Hacker News new | ask | show | jobs
by bhhaskin 341 days ago
Exactly. How can we have self driving cars before we have self driving trains?
4 comments

One reason is that it's already so expensive to operate a regular train, that the expense of having one employee (or even two) isn't as significant compared to a individual transportation. Paying the taxi driver is a significant part of the cost of a taxi trip. Paying the train operator isn't a significant part of the cost a train ride.

Edit: The article claims the opposite, and maybe that's true in NYC? I did find a breakdown of costs in Germany, for a municipal light rail service: operating the train is 1860 EUR per journey overall, paying the people operating the train (one operator, possibly one conductor) is 350 EUR of that. That ratio is smaller than I would've guessed, but it's not a majority.

https://www.wiwo.de/unternehmen/preisfrage-welche-kosten-ent...

It depends on whether you calculate it as including the amortized fixed costs (e.g. the cost of building the tunnels) or the incremental cost (what does it cost to have one additional passenger).
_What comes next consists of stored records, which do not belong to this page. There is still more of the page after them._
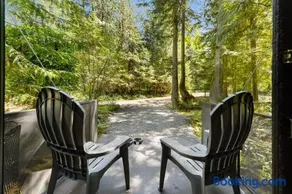 The "Waldorf Astoria of RVs" A Five-Star Forest Escape - Image 2
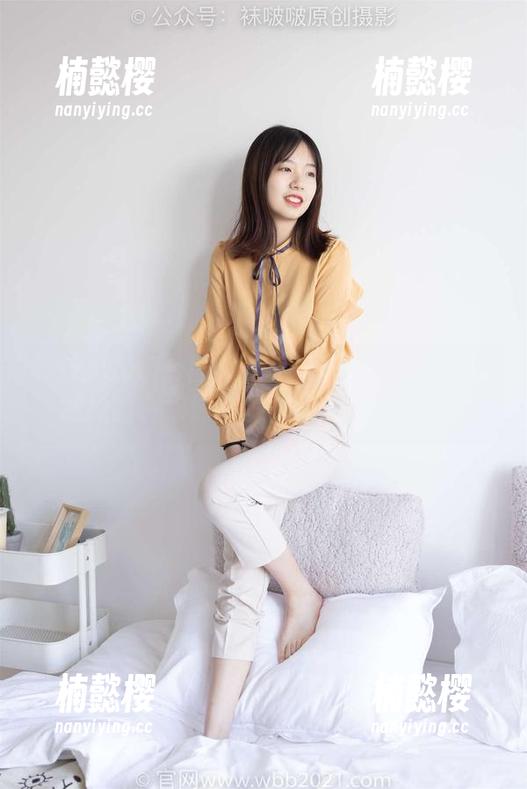 BoBoSocks袜啵啵 - 无圣光日常：稚予和她的白棉袜套图，云朵般的感觉？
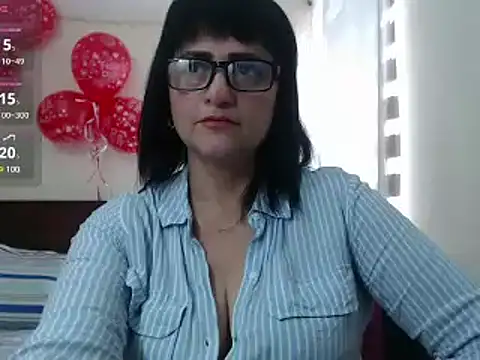 ISABEEL SOFIA01 online show from February 19, 6:00 pm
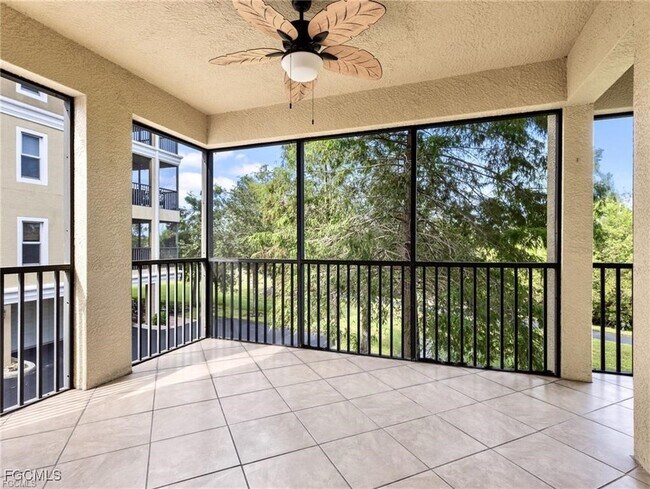 Building Photo - 10060 Lake Cove Dr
If it's the first one then the cost is way higher, but then you'd have to do the same thing in the other case and include the cost of building roads etc.

However, fixed costs are better funded by general taxes than by usage fees because otherwise you pay a huge fixed cost to build something with a low incremental usage cost and then under-utilize it because recovering the sunk cost through fares causes high fares which deters uses whose value exceeds the incremental cost.

Meanwhile human labor is a significant proportion of the incremental cost, when you have humans doing things per-trip that could reasonably be automated.

There are quite a few self driving trains in service around the world [1].

[1] https://en.wikipedia.org/wiki/List_of_driverless_train_syste...

Lots of places have self driving trains. Example: SkyTrain in Vancouver.
Same reason you don't actually have self-driving cars: liability.
Self driving cars do exist and operate every single day.
So do self-driving trains, or drone aircraft. The problem stands.
What problem? What’s your point, if you have one at all?
honestly I would have thought it was an artifact of labor unions -- at least here in the states.